One night I just couldn’t get to sleep and crossed my arms in frustration and that’s when I felt a lump on the outside of my right breast; had it been in any other location I wouldn’t have felt it and that’s a sobering thought!

Following an urgent referral, I had an ultrasound and was told that the lump looked cancerous. I returned to the clinic waiting room and tried to read my book but kept staring at the same line thinking about my teenage daughter and what effect this would have on her.

My mind wandered further, and I remember thinking – hang on, I’ve found this early and there is an effective treatment, so let’s get on with it. I vowed to stay positive as I believe that the person you are isn’t defined by what happens to you, but how you react to it!

I had almost a year of treatment. First was a lumpectomy, but the cancer had spread to the sentinel node. Strange as it sounds, the fact that it had spread probably hit me harder than the original diagnosis. I needed a second operation to remove all my lymph nodes but thankfully no others were affected.

Chemotherapy wasn’t pleasant and was delayed on a couple of occasions due to my adverse reactions; but it was a means to an end.
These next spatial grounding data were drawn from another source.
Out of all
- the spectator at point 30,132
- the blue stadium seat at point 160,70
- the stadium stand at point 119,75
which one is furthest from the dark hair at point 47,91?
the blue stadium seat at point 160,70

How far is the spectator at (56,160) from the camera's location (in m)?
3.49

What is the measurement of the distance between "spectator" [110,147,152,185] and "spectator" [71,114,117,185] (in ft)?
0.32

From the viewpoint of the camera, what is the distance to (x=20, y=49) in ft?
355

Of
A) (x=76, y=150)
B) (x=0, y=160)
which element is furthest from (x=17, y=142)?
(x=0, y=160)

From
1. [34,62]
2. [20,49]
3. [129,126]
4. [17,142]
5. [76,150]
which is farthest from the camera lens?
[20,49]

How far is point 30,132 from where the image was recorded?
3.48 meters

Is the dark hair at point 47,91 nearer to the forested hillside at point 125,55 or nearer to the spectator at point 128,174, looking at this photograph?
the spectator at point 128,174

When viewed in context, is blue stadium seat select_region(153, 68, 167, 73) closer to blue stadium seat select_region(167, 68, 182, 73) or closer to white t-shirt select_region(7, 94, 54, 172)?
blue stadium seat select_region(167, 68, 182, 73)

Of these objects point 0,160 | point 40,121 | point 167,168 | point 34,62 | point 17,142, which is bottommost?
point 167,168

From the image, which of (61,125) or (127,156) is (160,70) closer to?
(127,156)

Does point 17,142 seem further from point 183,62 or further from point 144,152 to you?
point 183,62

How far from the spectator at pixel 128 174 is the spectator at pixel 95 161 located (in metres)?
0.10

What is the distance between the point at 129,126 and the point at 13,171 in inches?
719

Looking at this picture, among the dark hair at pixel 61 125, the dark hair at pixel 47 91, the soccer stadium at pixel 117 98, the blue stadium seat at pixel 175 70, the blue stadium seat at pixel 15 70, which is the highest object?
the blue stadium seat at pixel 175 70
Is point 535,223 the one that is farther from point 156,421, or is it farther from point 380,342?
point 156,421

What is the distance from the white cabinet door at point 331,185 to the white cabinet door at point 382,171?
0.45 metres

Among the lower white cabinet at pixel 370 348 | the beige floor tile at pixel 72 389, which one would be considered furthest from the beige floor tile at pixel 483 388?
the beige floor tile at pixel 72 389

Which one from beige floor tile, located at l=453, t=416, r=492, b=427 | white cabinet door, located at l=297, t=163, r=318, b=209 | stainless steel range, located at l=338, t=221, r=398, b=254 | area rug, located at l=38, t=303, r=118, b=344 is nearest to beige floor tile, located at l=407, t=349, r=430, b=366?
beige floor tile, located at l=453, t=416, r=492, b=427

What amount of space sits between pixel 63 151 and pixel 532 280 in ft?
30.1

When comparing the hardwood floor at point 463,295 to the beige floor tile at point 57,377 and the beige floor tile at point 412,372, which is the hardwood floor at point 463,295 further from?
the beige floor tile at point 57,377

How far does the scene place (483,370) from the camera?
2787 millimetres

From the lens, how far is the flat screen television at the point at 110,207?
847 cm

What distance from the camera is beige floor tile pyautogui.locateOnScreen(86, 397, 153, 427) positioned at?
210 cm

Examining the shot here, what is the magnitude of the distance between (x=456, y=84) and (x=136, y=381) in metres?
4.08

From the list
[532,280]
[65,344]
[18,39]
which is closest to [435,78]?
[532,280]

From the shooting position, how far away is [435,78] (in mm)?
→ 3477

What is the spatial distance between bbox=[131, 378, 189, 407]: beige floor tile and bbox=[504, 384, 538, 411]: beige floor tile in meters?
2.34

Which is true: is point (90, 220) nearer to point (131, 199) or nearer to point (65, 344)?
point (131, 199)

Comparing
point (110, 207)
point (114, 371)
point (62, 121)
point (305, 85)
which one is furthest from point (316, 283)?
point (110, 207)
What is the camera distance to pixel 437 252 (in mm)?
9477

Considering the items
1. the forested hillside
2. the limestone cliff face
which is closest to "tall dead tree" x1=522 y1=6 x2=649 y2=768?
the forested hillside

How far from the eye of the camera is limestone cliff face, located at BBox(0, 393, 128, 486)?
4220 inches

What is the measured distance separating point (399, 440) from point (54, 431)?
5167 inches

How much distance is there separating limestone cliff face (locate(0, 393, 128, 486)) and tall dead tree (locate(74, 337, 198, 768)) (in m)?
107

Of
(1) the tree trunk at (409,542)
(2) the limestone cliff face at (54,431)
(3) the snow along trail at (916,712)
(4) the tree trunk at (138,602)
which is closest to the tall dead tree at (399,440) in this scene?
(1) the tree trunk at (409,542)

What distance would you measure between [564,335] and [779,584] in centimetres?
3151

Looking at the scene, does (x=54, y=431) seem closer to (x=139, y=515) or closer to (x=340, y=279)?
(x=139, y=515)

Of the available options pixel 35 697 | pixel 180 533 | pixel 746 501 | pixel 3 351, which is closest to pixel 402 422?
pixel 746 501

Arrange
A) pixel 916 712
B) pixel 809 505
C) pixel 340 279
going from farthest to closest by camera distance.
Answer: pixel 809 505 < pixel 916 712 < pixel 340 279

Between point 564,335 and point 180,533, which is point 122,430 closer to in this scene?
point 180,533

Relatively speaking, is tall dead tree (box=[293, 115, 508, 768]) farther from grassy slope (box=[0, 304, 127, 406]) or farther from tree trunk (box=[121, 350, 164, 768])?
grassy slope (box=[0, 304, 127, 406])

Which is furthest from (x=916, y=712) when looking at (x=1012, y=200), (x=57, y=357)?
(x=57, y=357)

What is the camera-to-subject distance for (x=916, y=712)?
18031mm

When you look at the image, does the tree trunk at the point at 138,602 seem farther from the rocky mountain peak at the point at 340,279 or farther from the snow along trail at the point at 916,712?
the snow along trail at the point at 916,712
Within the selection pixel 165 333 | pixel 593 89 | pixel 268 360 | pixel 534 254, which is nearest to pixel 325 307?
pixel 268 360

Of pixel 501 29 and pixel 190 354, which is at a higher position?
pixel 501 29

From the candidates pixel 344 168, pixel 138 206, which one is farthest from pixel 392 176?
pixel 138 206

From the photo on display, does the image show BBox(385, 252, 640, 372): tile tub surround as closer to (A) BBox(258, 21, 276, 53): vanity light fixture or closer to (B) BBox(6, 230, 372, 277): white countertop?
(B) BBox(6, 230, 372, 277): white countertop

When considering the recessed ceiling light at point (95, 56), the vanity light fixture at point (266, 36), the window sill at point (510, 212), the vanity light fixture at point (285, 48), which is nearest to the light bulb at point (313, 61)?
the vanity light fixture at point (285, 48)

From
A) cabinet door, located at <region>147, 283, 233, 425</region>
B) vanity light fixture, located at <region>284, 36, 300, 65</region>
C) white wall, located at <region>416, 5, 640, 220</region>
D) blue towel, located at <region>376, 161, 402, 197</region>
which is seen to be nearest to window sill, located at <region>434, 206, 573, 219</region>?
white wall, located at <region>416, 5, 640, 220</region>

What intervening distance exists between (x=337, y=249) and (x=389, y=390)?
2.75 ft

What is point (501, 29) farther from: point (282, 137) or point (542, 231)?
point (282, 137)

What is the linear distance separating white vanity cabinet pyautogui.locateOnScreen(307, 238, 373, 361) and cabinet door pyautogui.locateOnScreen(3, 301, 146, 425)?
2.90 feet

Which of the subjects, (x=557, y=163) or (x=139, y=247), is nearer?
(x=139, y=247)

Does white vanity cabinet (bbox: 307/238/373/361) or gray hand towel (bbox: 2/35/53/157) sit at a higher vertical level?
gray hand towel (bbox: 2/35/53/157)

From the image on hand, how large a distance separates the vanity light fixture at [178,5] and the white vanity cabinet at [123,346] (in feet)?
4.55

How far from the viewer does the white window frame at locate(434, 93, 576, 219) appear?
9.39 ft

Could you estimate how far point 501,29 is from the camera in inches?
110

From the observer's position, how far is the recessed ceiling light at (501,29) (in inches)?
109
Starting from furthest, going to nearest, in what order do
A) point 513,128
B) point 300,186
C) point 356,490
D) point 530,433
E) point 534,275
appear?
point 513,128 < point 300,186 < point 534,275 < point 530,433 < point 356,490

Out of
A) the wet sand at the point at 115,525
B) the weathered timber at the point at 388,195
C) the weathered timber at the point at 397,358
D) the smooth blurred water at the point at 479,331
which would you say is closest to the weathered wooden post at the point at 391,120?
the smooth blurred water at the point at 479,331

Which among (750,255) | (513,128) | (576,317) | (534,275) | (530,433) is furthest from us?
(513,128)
My daughter had the dubious honour of shaving my head as my hair started to fall out – after she’d chosen me a stylish wig!

Radiotherapy followed and I completed treatment just before Christmas 2015.

I already knew that I had some fantastic family and friends, and I certainly couldn’t have got through it without them. I was, and am, very humbled by all their continuing love and support.

My aim was just to get back to ‘normal’, I never had any grand plans! I do have a few annoying side effects from the ongoing hormone treatment and mild lymphoedema, but proud that I’m able to do everything I did before.

Why Breast Cancer Research Is So Important

I became aware of Prevent Breast Cancer when I took part in their BooBee campaigns in 2019 and again in 2022. They were amazing and empowering experiences – who would have thought that I would ever be part of a sponsored lingerie catwalk that raised, not only funds for the charity, but awareness of the importance of checking for changes and seeking early advice!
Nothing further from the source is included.